8.Roy, in hospital, in his ward, the other patients there, especially the anxious man wanting the doctor? Alexandria and her visits, talking with Roy, their friendship? The significance of Nurse Evelyn? In the stories, for Roy? His stories, his talking about Indians and squaws and Alexandria mentioning India? The relationship of the narrative and her seeing a different picture? The comment about audiences and using their imagination despite what is offered to them in word and image?
9.The story of Alexander the Great, the settings, the desert, vast and orange, his horse, the men and the lack of water, the messenger, bringing some water, Alexander pouring it out so that nobody would have the advantage?
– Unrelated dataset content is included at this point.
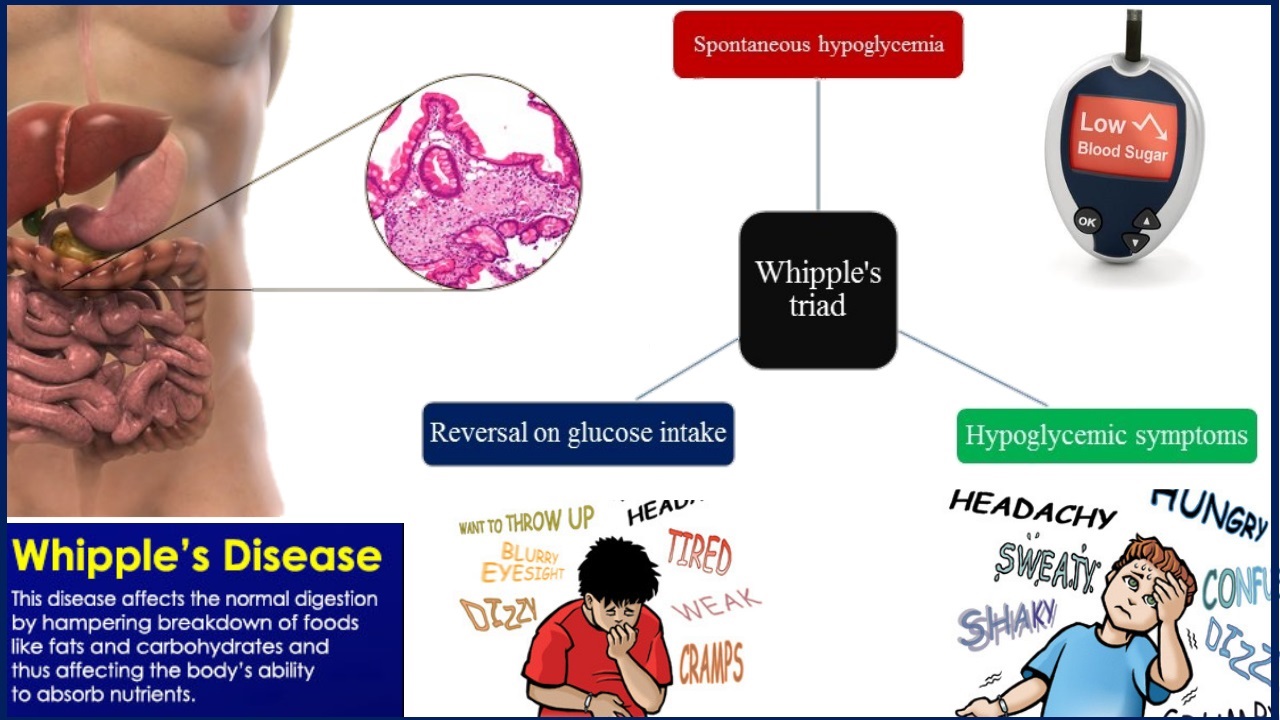 Whipple disease Homeopathic Treatment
Alexandria not liking the story?
10.Roy talking, Alexandria incorporating him and Evelyn as characters in the story? Her parents? The counterpoint of imagination and reality?
11.Roy’s narrative, the four prisoners, the Italian, the Indian, Charles Darwin, the slave? The natives swimming to the isolated island, the message? Their wanting to escape? Prisoners of Count Odious? The strong visualising of each story in location: the Italian and the explosions, the slave and his experience, Darwin and his expeditions, the Indian and his wife and her death, the interventions of Odious? The stories developing as Roy told them and Alexandria imagined them?
12.The settings, exotic, the introduction of the bandit, Roy as the bandit, the young woman, Evelyn as the woman?
13.Roy and his health, his dreams, medication? Alexandria getting the pills for him? His wanting to die? The pills as sugar and placebos?
14.The fatalistic direction of the story, the battles, the deaths of each of the individuals? Alexandria’s sadness?
15.The bandit and Evelyn, the intervention of Odious, love, the bandit and his reaction, shooting the girl? Her explaining that it was a test of his love?
16.Odious himself, his attendants, the pool, the confrontation?
17.The stuntman in the hospital, the visits, discussions with Roy?
18.The doctors, the nurses, the x-ray room?
19.Roy, living, love, friendship?
20.The audience watching the movies, the children and their delight?